Material to process
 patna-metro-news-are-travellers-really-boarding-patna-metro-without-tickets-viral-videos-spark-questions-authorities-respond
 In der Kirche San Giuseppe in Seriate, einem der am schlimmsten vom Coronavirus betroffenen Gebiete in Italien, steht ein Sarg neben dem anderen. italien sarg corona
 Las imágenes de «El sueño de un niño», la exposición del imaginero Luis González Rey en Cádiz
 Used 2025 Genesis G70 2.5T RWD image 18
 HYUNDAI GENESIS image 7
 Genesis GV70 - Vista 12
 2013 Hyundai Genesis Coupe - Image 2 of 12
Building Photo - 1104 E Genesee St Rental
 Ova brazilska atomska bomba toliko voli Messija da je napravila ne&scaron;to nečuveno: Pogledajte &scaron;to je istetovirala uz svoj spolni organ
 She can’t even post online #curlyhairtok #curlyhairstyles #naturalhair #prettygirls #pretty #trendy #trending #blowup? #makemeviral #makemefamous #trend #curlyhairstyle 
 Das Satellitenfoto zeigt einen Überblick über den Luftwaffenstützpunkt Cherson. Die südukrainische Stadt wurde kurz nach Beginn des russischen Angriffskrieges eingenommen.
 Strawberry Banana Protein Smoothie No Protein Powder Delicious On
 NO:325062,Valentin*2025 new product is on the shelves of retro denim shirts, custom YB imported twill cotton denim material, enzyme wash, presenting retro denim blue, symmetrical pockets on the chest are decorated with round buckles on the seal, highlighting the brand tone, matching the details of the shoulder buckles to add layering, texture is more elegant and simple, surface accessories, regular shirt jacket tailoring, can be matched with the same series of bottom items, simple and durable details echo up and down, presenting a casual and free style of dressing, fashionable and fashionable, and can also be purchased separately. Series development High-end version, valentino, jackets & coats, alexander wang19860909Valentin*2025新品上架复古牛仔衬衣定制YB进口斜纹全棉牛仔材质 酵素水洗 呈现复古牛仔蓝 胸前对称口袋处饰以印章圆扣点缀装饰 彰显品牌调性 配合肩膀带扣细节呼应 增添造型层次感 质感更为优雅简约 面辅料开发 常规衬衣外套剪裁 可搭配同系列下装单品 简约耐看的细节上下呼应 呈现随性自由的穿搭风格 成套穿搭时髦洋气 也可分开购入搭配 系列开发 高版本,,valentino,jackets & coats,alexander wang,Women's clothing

What you need to do
Print the data again exactly.

Reply to the exercise
 patna-metro-news-are-travellers-really-boarding-patna-metro-without-tickets-viral-videos-spark-questions-authorities-respond
 In der Kirche San Giuseppe in Seriate, einem der am schlimmsten vom Coronavirus betroffenen Gebiete in Italien, steht ein Sarg neben dem anderen. italien sarg corona
 Las imágenes de «El sueño de un niño», la exposición del imaginero Luis González Rey en Cádiz
 Used 2025 Genesis G70 2.5T RWD image 18
 HYUNDAI GENESIS image 7
 Genesis GV70 - Vista 12
 2013 Hyundai Genesis Coupe - Image 2 of 12
Building Photo - 1104 E Genesee St Rental
 Ova brazilska atomska bomba toliko voli Messija da je napravila ne&scaron;to nečuveno: Pogledajte &scaron;to je istetovirala uz svoj spolni organ
 She can’t even post online #curlyhairtok #curlyhairstyles #naturalhair #prettygirls #pretty #trendy #trending #blowup? #makemeviral #makemefamous #trend #curlyhairstyle 
 Das Satellitenfoto zeigt einen Überblick über den Luftwaffenstützpunkt Cherson. Die südukrainische Stadt wurde kurz nach Beginn des russischen Angriffskrieges eingenommen.
 Strawberry Banana Protein Smoothie No Protein Powder Delicious On
 NO:325062,Valentin*2025 new product is on the shelves of retro denim shirts, custom YB imported twill cotton denim material, enzyme wash, presenting retro denim blue, symmetrical pockets on the chest are decorated with round buckles on the seal, highlighting the brand tone, matching the details of the shoulder buckles to add layering, texture is more elegant and simple, surface accessories, regular shirt jacket tailoring, can be matched with the same series of bottom items, simple and durable details echo up and down, presenting a casual and free style of dressing, fashionable and fashionable, and can also be purchased separately. Series development High-end version, valentino, jackets & coats, alexander wang19860909Valentin*2025新品上架复古牛仔衬衣定制YB进口斜纹全棉牛仔材质 酵素水洗 呈现复古牛仔蓝 胸前对称口袋处饰以印章圆扣点缀装饰 彰显品牌调性 配合肩膀带扣细节呼应 增添造型层次感 质感更为优雅简约 面辅料开发 常规衬衣外套剪裁 可搭配同系列下装单品 简约耐看的细节上下呼应 呈现随性自由的穿搭风格 成套穿搭时髦洋气 也可分开购入搭配 系列开发 高版本,,valentino,jackets & coats,alexander wang,Women's clothing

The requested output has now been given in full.